When you copy the material below, keep every line exact and drop the pictures.

[Raw data Boundary: Start]

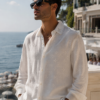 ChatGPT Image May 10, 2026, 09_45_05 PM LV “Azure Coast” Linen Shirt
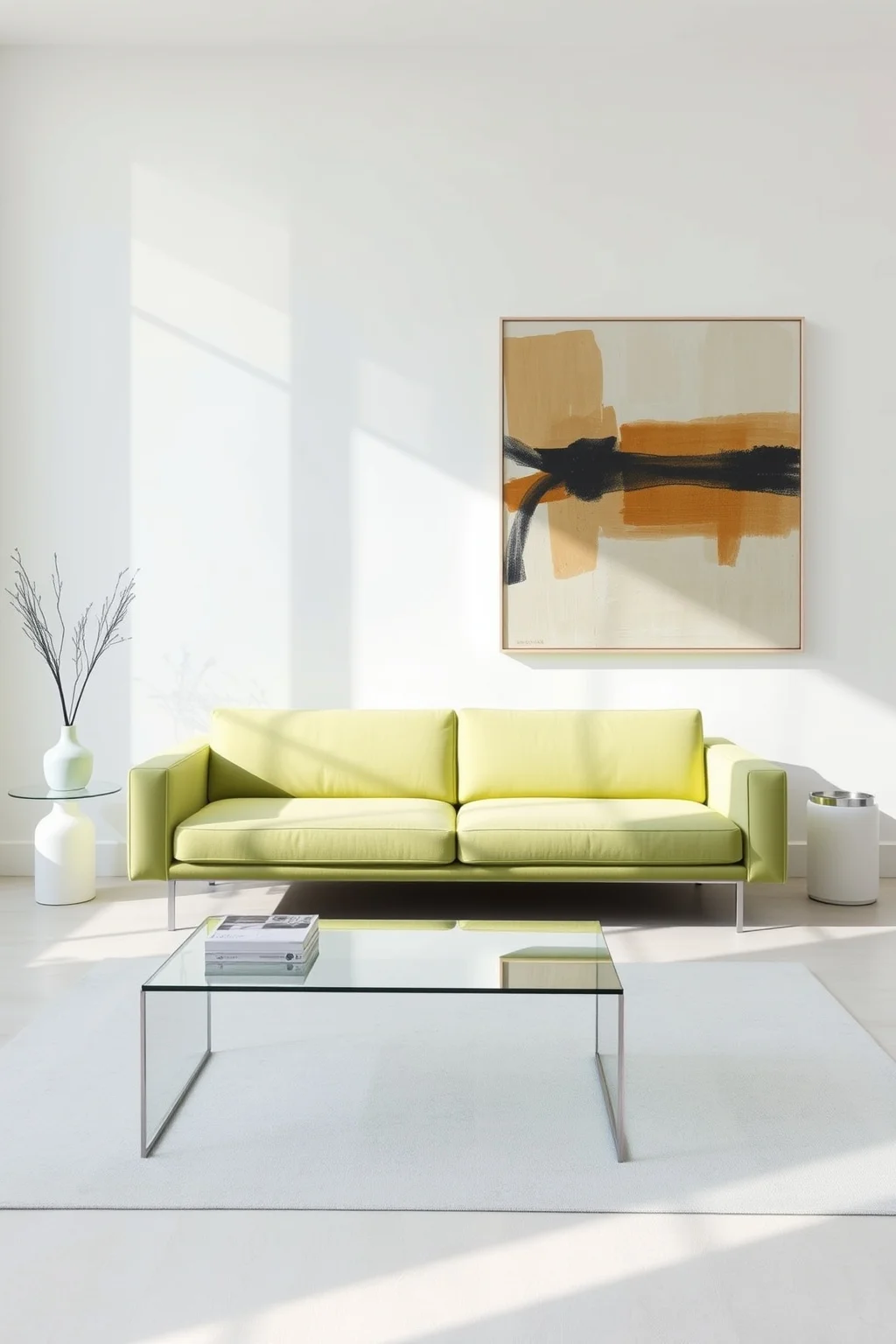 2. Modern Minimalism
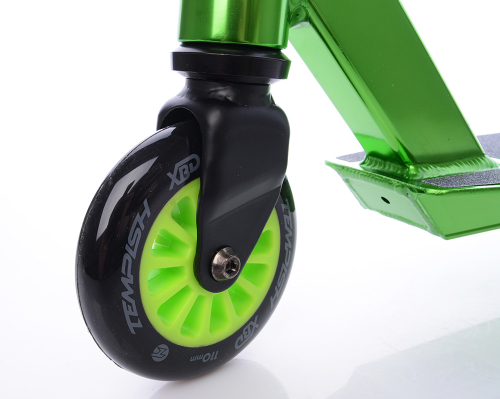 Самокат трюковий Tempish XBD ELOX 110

[Raw data Boundary: End]

__Solution to this exercise__:
 ChatGPT Image May 10, 2026, 09_45_05 PM LV “Azure Coast” Linen Shirt
 2. Modern Minimalism
 Самокат трюковий Tempish XBD ELOX 110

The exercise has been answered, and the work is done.